The order for U.S. meat packers to keep plants open may be easier said than done. Workers may be reluctant to return unless they feel adequate protections are in place. If facilities begin to ramp up, it could provide support for feed demand.

The March National Agricultural Statistics Service crush was 192.2 million bushels. This is an all-time record and exceeded the trade projection of 191.5 million bushels. Soyoil stocks were 2.328 billion pounds, slightly lower than anticipated.

Weekly export sales were in line with expectations at 39.6 million bushels. Total commitments of 1.43 billion bushels are 13 percent behind last year. We need to average 18.9 million bushels of sales per week to reach the USDA’s 1.775-billion-bushel export outlook. China has bought 13.3 mmt of U.S. soybeans in this marketing year with 892,000 of unshipped sales.

Outlook: If the Phase 1 trade deal with China is put in jeopardy, soybeans may be the first casualty.
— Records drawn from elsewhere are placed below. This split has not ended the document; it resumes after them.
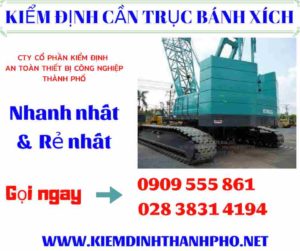 Hình ảnh kiểm định cần trục bánh xích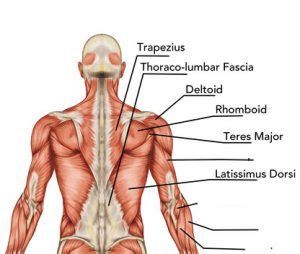 The long head originates just above the shoulder socket on the scapula and blends with the short head onto the radius bone of the forearm. Back Muscles Torso - Leyton Sports Massage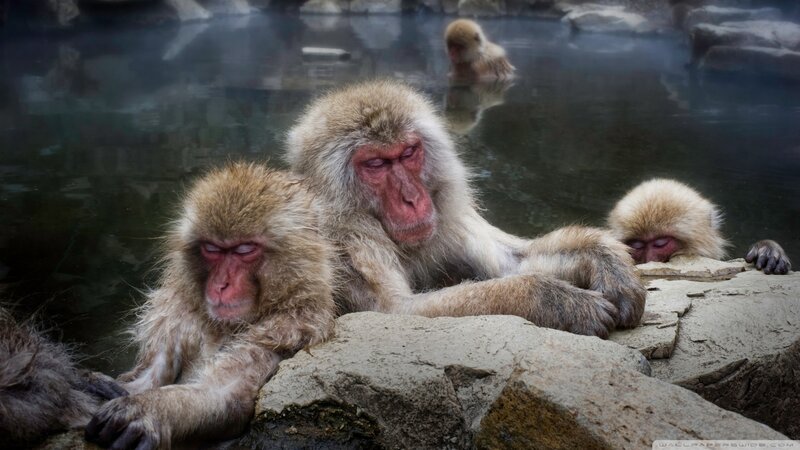 Snow Monkeys in Hot Spring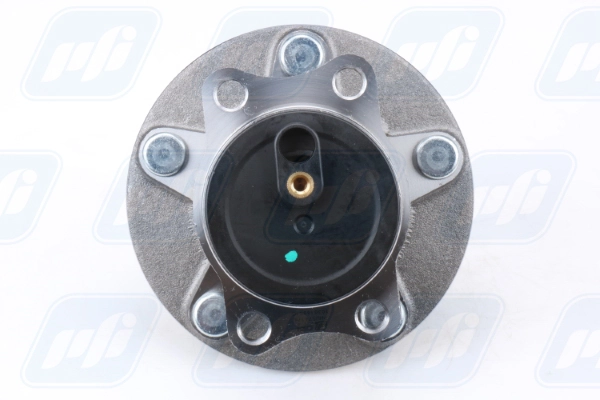 PHU57417K PFI Buje de rueda trasero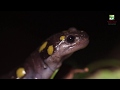Animal of the Week: Yellow-Spotted Salamander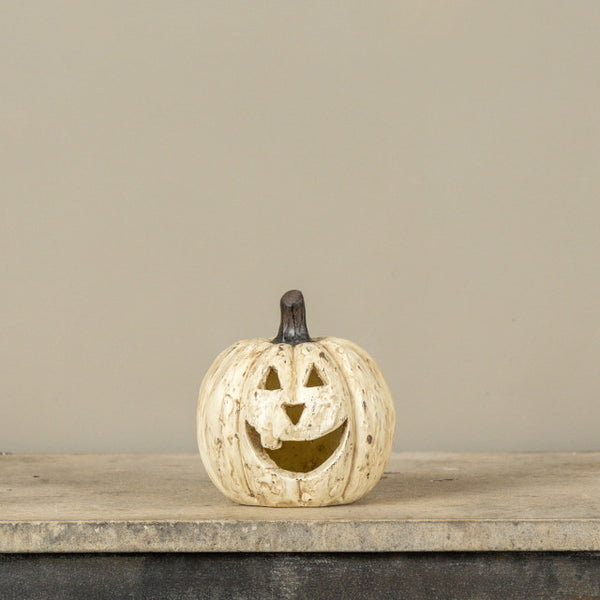 Pumpkin - White
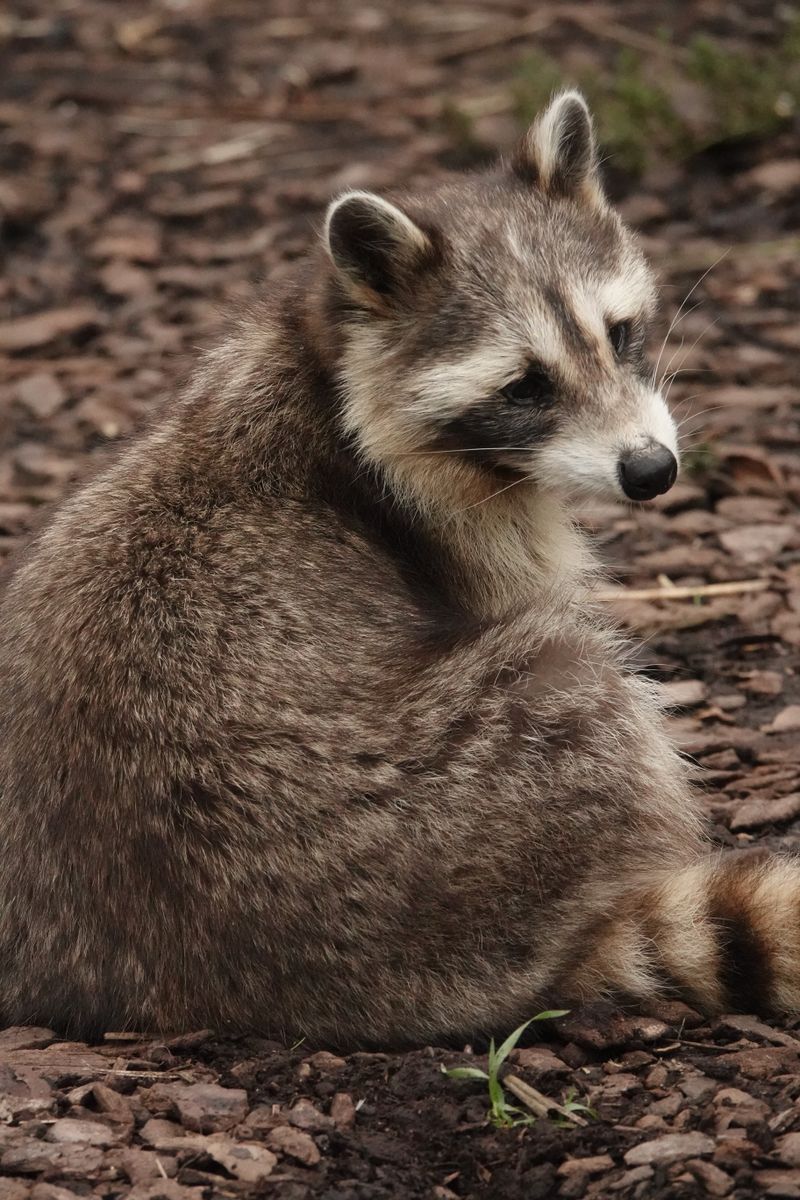 How to Get Rid of Raccoons: Safe and Legal Removal Methods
Good weather may change ideas about corn acres being switched to soybeans. Improved feed demand as meat packers gear up production may also lend mild support. Consolidating trade may be expected ahead of the monthly WASDE report on May 12.

July soybeans rallied a dime this week to close at $8.49.5 and November soybeans were 13.5 cents higher at $8.55 per bushel.

Nystrom’s Notes: Contract changes for the week as of the close on May 1: Chicago July wheat was down 14 cents at $5.16.5, Kansas City was just a quarter-cent lower at $4.83, and Minneapolis was 6.5 cents lower at $5.06.75 per bushel. Crude oil rallied $2.84 to close at $19.78 per barrel, up 16.7 percent for the week. New daily price limits went into effect May 1. The daily limit for Chicago and Kansas City wheat limits increased from 35 cents to 40 cents per bushel.